If so, how did you like it? I'm looking to upgrade from a 1979 - 17' Sea Nymph aluminum and looked at a '84 Searay Cuddy, I/O. Solid boat, garage kept, gel coat shines, set up with elect. riggers. Current owner had it for 10 yrs. & currently lost his fishing partner so is giving up the boat. Boat & trailer w/riggers, poles & tackle - $5000. Taking it out for a test ride Friday evening.


----------



## double trouble (Nov 20, 2003)

worst boat searay ever made.they were an attempt by searay to compete in the entry level boat market. bad stringer design and a lack of them made them prone to flexing, breaking and rotting.the ride is much poorer than other searays because of the lowered weight and support. if the boat is a trailer boat you might have better luck but overall the boat was a loser.


----------



## FERG 06 (Oct 6, 2006)

What do you mean by trailer boat. Yes it's on a trailer, stored inside. floor is solid (jumped up & down on it. Used about three times a year. Boat price is $3500, right in the range of every thing else I've seen. 4 BigJon elect. riggers, Half a dozen salmon poles, tackle, Gps. radio fish finder, cannon balls for another $1500. Thanks for the opinions.


----------



## jakeo (Sep 14, 2004)

I had a 21 Sea-ray seville I bought new in 86 with the 165 hp merc i/0 wt closed cooling system. Other then a new starter every other year and a small leak in the cooling system, I had 1800+ hours on it and still purred like a kitten. I did replace the floor after 10+ years and recarpeted. Also the paint faded so had emron paint applied. The boat was flawless and we left Toledo or Monroe many times and spent the weekend at cedar point or on lake st clare. That boat was on every Great Lake except Ontario and given the chance.......Id buy it back!
Key is,,,,,,,,,,,,*Preventitive Maintance*


----------



## SabikiRig (May 1, 2004)

IMHO, Sea Ray made a pretty good boat in the mid 80's definately much better than boats produced in the late 80's (88 and up) and early 90's.

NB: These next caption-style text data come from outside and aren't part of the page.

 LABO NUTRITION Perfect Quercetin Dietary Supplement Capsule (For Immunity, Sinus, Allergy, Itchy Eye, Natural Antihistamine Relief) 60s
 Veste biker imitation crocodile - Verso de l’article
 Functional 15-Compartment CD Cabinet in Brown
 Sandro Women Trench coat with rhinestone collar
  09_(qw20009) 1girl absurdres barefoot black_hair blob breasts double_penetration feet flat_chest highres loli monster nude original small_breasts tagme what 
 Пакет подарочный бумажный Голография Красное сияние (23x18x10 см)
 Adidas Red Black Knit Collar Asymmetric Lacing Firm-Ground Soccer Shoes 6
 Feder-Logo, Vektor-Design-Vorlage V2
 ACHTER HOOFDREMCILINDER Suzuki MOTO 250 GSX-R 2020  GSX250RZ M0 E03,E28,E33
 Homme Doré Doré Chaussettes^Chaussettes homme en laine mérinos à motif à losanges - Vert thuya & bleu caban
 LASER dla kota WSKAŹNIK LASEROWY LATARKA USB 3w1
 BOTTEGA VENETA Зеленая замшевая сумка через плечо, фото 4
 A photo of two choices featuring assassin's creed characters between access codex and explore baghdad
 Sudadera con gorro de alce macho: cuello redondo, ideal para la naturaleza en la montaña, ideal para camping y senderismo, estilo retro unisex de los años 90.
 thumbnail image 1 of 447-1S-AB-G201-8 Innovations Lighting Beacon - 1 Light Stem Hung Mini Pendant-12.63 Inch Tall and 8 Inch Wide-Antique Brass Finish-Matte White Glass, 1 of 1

Soft Decks and Rotting Floors can be a problem on boats with abused/poorly maintained boats or cockpits that are not self-bailing.

If you like the boat and have any doubts then find a Surveyor and have them take a look. The money you would spend on a surveyor is far less than buying "problems" or "junk".


----------



## FERG 06 (Oct 6, 2006)

Already decided not to buy it. Hadn't been started and had to be primed alot to get er going. out on the water it kept stalling upon accel. & missing at high speed. Then wouldn't shift into neutral. Pulled open the engine cover & found the exhaust boot leaking water. Needless to say it pay to test drive.


----------